Es cierto que nuestro actual sistema electoral poco contribuye a resolver estas disfunciones. El voto preferente —lo que conocemos como listas abiertas— ha terminado por fomentar la competencia entre individuos más que entre ideas o proyectos colectivos. En vez de partidos sólidos, lo que predomina es un mosaico atomizado de microempresas electorales que responden a lógicas personalistas, muchas de ellas sostenidas por prácticas clientelistas y, en ocasiones, por recursos de dudosa procedencia.
En lugar de partidos cohesionados, con posturas claras y diferenciables, que son los más pocos, lo que predomina es un archipiélago de intereses particulares que buscan una curul como fin en sí mismo. Incluso partidos como la Alianza Verde, que alguna vez proyectaron una identidad programática reconocible, han terminado sucumbiendo bajo el gobierno Petro a los mismos vicios de cooptación burocrática.
Paradójicamente, el marco legal vigente fue producto de una reforma política ambiciosa —la de 2003— que intentó poner fin al caos de representación que dominó en los años noventa. Basta recordar cómo en 1998, se presentaron más de 300 listas distintas al Senado. El nuevo marco estableció un umbral mínimo del 3% y la lista única por partido, una medida que, aunque mantuvo la posibilidad del voto preferente, apuntaba a que los partidos maduraran hacia formas más orgánicas de representación. La coexistencia de listas abiertas y cerradas debía ser una etapa de transición.
La persistencia de las listas abiertas ha impedido que los partidos maduren como auténticos vehículos de representación ciudadana. Múltiples proyectos de ley han intentado instaurar las listas cerradas como norma general, sin éxito hasta ahora. Ante esa imposibilidad normativa, una salida viable y necesaria es que los propios partidos, por decisión interna, escojan cerrar sus listas. Sería un paso inicial, pero significativo, hacia una política menos fragmentada, más programática y centrada en proyectos colectivos.
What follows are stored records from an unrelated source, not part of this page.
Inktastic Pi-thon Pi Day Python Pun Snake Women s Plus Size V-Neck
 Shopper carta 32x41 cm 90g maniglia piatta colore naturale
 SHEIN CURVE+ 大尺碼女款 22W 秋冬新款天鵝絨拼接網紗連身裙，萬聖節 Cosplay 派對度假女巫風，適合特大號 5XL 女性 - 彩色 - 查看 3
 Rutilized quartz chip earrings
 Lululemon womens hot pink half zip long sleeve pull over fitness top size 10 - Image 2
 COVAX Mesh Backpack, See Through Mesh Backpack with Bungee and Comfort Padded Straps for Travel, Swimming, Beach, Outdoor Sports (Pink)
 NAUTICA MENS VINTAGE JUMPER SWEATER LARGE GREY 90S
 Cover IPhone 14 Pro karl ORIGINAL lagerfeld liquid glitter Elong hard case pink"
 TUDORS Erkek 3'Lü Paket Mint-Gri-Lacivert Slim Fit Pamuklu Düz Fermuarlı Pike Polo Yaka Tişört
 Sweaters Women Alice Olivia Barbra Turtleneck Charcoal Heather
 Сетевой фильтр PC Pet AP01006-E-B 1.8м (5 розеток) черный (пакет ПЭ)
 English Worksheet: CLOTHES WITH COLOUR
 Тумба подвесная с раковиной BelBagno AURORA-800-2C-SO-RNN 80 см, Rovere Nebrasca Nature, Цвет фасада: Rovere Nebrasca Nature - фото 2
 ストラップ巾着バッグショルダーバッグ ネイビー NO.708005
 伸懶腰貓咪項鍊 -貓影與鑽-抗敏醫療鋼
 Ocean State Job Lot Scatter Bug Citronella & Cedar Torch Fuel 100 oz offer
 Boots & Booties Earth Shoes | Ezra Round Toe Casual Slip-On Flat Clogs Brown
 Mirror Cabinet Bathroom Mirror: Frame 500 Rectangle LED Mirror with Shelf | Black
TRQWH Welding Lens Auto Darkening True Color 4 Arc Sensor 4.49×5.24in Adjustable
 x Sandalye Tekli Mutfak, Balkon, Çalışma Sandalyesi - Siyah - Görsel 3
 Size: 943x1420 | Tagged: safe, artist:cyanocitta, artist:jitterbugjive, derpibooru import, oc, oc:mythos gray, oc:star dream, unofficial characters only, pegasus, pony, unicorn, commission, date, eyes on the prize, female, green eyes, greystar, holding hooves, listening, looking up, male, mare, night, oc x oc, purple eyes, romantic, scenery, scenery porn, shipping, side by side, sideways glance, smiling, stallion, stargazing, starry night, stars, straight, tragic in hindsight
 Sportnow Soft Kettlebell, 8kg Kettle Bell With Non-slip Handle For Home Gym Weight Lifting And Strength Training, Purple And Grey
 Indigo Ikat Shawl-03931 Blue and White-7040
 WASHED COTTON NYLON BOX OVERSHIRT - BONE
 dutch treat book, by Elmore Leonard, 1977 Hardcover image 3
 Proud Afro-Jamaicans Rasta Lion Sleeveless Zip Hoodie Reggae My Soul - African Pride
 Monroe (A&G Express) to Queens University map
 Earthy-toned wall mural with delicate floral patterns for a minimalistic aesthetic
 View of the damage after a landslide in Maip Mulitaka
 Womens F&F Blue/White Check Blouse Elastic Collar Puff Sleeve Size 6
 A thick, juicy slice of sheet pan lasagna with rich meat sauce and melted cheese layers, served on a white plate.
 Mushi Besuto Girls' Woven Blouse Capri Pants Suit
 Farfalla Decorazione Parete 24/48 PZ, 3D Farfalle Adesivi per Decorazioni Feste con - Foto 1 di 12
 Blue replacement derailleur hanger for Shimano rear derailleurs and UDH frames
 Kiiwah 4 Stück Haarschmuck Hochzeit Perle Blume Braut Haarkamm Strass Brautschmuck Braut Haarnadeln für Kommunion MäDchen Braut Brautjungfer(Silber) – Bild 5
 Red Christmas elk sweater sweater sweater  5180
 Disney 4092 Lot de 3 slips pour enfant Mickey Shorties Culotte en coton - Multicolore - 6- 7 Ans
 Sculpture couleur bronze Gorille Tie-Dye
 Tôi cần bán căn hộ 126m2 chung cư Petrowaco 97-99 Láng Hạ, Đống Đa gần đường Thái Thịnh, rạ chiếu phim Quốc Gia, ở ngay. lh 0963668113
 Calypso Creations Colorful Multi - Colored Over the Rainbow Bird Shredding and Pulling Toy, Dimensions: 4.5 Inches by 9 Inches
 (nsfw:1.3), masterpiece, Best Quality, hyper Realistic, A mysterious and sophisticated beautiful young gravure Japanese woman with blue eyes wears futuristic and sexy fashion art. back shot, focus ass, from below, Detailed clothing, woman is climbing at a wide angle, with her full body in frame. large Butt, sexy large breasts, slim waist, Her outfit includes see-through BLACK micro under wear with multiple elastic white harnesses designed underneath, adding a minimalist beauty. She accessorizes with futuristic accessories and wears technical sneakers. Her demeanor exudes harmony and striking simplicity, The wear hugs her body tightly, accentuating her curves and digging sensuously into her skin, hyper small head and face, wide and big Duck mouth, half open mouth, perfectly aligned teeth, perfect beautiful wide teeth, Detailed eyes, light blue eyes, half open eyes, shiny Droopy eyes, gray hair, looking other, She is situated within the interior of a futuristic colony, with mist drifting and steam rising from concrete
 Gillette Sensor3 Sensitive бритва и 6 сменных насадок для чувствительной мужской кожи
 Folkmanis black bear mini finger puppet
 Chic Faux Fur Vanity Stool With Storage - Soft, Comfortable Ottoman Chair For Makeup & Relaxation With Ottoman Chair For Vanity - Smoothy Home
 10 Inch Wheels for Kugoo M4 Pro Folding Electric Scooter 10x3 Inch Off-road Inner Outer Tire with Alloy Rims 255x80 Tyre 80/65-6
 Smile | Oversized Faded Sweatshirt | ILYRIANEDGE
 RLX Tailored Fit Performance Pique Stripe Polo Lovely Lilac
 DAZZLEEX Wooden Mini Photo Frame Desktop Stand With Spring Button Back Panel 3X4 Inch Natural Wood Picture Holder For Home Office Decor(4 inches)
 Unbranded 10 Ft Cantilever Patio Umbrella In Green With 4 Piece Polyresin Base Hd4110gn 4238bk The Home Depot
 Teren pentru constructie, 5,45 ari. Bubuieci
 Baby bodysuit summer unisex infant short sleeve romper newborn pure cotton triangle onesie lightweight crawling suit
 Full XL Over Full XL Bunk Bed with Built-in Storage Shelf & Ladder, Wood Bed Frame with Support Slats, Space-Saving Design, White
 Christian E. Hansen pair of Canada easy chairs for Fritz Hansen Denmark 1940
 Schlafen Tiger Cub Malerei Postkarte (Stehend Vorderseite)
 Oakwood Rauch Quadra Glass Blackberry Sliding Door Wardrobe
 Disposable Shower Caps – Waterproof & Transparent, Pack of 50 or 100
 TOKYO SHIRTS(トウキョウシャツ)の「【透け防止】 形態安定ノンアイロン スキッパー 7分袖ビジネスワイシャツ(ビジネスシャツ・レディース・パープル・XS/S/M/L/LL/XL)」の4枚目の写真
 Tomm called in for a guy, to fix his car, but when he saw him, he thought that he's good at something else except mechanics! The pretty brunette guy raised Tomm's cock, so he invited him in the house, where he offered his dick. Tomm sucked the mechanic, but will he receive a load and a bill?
Es cierto que las listas cerradas no están exentas de riesgos. La crítica más común es el “bolígrafo”: la posibilidad de que un dirigente partidista defina, a su antojo, quién entra y en qué posición. También se señala el peligro de excluir voces diversas si no hay procesos internos democráticos. Estas objeciones son válidas, pero no insalvables. La clave está en acompañar las listas cerradas con mecanismos de democracia interna, deliberación transparente y apertura a liderazgos emergentes.
Los ejemplos recientes muestran que, cuando se construyen con coherencia programática, las listas cerradas pueden dar frutos. El caso del Centro Democrático en 2014 es paradigmático: al presentar una lista cerrada, logró su mejor desempeño electoral y consolidó una bancada ideológicamente alineada. El Pacto Histórico, en 2022, también optó por esta fórmula, aunque su experiencia dejó lecciones mixtas: si bien fortaleció su presencia legislativa, también reprodujo prácticas clientelistas y dio espacio a figuras alejadas del ideario progresista.
Por eso resulta alentador que el Centro Democrático haya anunciado que volverá a cerrar su lista al Senado en 2026. Ojalá esta práctica se extienda también a algunas de sus listas a la Cámara.
De igual manera, sería deseable que pronto otros partidos que aspiran a tener un papel estructural en el sistema político —como el Nuevo Liberalismo—, e incluso colectividades tradicionales como el Liberal, el Conservador o el Verde repiensen sus mecanismos de democracia interna para, eventualmente, cerrar sus listas de manera deliberativa y democrática.
Solo así podremos fortalecer a los partidos como instituciones mediadoras entre la ciudadanía y el Estado, y elevar el nivel del debate legislativo hacia una discusión de ideas y no de “mermelada”.